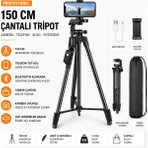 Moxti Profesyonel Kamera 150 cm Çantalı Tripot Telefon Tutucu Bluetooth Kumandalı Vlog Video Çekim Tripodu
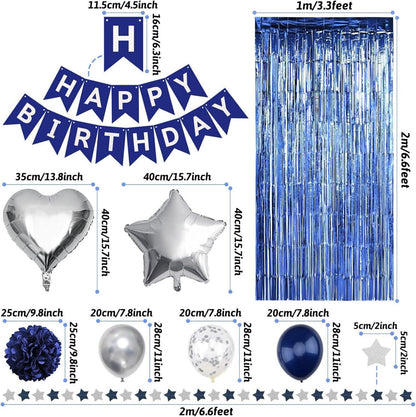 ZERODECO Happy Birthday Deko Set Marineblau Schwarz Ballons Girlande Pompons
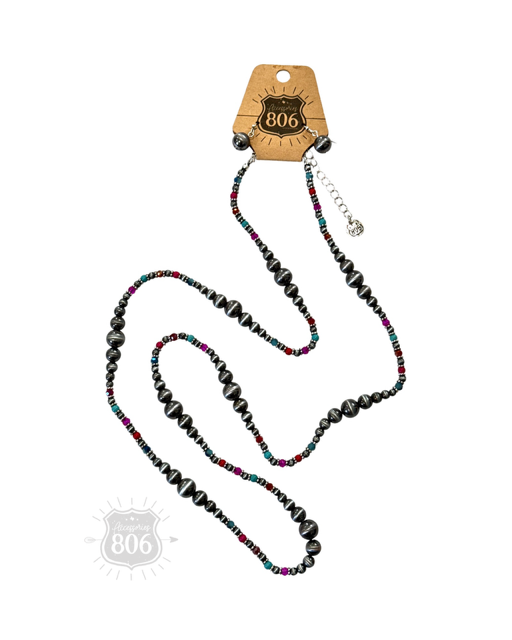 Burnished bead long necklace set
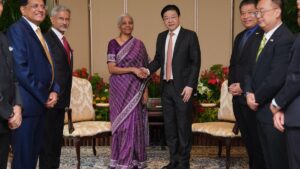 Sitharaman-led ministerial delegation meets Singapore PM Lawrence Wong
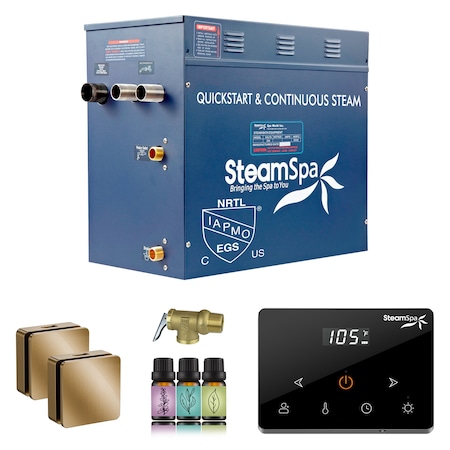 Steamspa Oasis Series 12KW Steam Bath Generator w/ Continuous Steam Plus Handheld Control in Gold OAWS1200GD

####

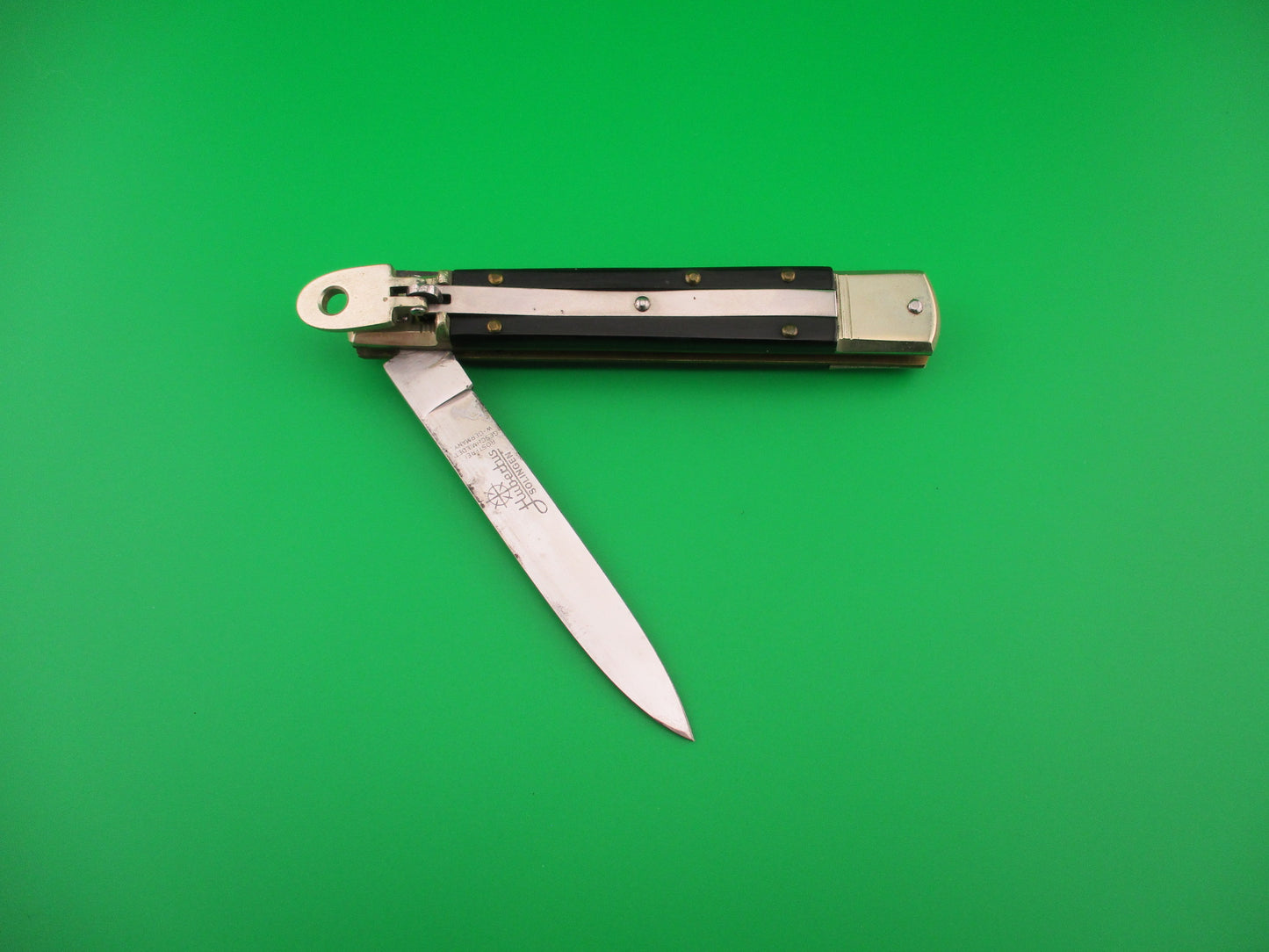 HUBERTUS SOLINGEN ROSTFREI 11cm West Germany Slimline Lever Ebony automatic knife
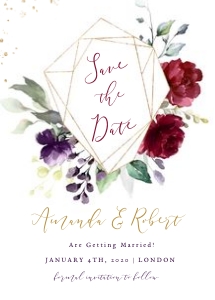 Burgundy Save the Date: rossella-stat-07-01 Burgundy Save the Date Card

####

Task statement:
Above, find the line holding "HUBERTUS SOLINGEN ROSTFREI" and the line holding "Burgundy Save the Date: rossella-stat-07-01". Print exactly those two lines and every line between them, but no pictures.

Task result:
 HUBERTUS SOLINGEN ROSTFREI 11cm West Germany Slimline Lever Ebony automatic knife
 Burgundy Save the Date: rossella-stat-07-01 Burgundy Save the Date Card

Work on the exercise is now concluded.